Hello, about fourteen months ago my son purchased, on finance, a diesel car. A fault has developed on the vehicle that shows the Diesel Particulate Filter (DPF) is faulty. Two separate garages have looked at the vehicle and it appears that the Diesel Particulate Filter had been removed and a Diesel emulator fitted. As my son was not made aware of the illegal conversion of the vehicle exhaust system at the time of buying it, can he claim his money back from the seller? Should he stop making his monthly finance payments or would this affect any potential claim against the seller. As the car is still driveable is it lawful for him to continue using it on the road i.e. would his insurance be valid now that he knows of the conversion?
Submitted: 2 years ago.
Category: Law
Expert:  Jo C. replied 2 years ago.
Thank you for your question. My name is ***** ***** I will try to help with this.
Why is this illegal?
You mean because it hasn't been delcared to the DVLA?
Customer: replied 2 years ago.

This appears to be illegal as the vehicle no longer complies with the Vehicle Construction and Use Regulations 61a(3).

Please see

Expert:  Jo C. replied 2 years ago.
In what way does it not comply?
A conversion alone does not make it non compliant. People can convert cars to their heart's content as long as they did it in a way that complies.
Customer: replied 2 years ago.

The DPF is the most expensive part of the exhaust system and control the emissions released from the vehicles exhaust. The emulator that is fitted to our sons car tells the engine management computer that everything is working as it should through bypassing what the manufacturer initially installed to comply with UK and EU legislation on vehicle construction.

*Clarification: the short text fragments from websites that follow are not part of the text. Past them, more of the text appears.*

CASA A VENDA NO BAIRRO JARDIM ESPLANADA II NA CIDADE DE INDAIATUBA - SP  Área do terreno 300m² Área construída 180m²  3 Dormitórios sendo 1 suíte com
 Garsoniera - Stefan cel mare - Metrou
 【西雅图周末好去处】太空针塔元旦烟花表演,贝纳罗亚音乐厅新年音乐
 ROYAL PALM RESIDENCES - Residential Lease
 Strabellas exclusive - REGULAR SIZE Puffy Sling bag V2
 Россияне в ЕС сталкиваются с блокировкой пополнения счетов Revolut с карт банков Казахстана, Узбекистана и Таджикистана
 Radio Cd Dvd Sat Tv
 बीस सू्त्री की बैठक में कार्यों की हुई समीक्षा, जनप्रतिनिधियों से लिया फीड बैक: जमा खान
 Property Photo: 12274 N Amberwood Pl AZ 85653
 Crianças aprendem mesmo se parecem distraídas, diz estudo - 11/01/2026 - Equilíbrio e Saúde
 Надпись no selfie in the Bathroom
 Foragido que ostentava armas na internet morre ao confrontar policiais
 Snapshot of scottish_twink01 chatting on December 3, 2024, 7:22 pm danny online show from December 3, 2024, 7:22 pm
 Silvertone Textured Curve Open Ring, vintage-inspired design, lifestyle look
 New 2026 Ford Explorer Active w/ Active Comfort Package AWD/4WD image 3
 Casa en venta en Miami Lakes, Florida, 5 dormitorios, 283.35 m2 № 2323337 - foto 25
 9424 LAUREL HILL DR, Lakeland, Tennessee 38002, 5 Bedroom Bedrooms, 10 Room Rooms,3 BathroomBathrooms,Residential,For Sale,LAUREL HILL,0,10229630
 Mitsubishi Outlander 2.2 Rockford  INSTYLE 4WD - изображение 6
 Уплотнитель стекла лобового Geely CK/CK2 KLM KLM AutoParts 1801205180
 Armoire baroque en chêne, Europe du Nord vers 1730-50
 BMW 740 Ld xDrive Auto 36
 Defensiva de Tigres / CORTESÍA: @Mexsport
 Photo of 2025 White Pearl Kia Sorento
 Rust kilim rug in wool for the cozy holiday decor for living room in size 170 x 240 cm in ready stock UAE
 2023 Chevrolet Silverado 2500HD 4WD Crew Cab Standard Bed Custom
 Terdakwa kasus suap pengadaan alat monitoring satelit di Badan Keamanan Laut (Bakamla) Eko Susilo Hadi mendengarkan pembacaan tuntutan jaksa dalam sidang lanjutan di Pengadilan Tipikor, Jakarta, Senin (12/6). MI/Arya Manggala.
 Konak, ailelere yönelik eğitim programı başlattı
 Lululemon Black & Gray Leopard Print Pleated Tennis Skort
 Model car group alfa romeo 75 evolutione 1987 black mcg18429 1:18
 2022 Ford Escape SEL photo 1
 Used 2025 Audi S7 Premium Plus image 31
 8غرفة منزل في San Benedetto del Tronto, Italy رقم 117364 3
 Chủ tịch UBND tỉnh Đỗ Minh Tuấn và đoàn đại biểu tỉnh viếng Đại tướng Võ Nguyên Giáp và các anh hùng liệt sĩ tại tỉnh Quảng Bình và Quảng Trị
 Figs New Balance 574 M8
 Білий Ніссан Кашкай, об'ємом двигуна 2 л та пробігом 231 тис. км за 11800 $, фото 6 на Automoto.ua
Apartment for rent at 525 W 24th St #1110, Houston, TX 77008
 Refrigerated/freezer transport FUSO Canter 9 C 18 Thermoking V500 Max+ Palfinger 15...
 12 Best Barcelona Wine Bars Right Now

From February 2014 the removal of the DPF will result in an immediate fail at the MOT. A vehicle without a DPF is not merely non-standard but illegal for use on the road.

Expert:  Jo C. replied 2 years ago.
That doesn't make it illegal. That makes it an MOT fail.
Did he ask any specific questions about the exhaust at the time of sale?
Or possibly about whether there had been any conversions?
What question were asked?
Customer: replied 2 years ago.

Our son saw the car advertised on a website and went to a garage to make the purchase. The car was sold as standard and no mention of any alterations to any part of the vehicle. This also formed part of the documentation in applying for insurance i.e. the car had not been modified in any way. Is it not the sellers responsibility to tell him of the alterations rather than the buyer removing the exhaust to examine if the filter is complete and not merely a tube in the exhaust system?

As to the MOT fail being illegal, numerous web based documents are published about the practice of removing the filter but the most important would appear to be the following,

Expert:  Jo C. replied 2 years ago.
So he didn't ask those questions and get a false or misleading answer?
Please forget about the MOT. Its a non issue I'm afraid.
Customer: replied 2 years ago.

In response to your question above our son is not a vehicle mechanic. Until a few weeks ago the phrase Diesel Particulate Filter was something non of us had ever heard of. He did not specifically ask if the vehicle had one or not so he could not be given a false or misleading answer.

With regard to the MOT if the car had been bought without an MOT he would have bought it under those terms. The car was bought with an MOT and was therefore sold as a road worthy vehicle, as any other three year old vehicle would be.

The reason for my initial questions are, can a garage sell a vehicle that is not fit for use on the road in the UK without telling the buyer that the alterations have been made? This would allow the buyer to decide whether or not to buy the vehicle and carry out the necessary work to make the vehicle fit for use on the road.

Am I right in understanding that your view is that there is nothing illegal in using the car on the road with the DPF removed? As the car currently has a valid MOT is the car road legal and would his insurance still be valid in any claim, now that he is aware of the removal of the DPF?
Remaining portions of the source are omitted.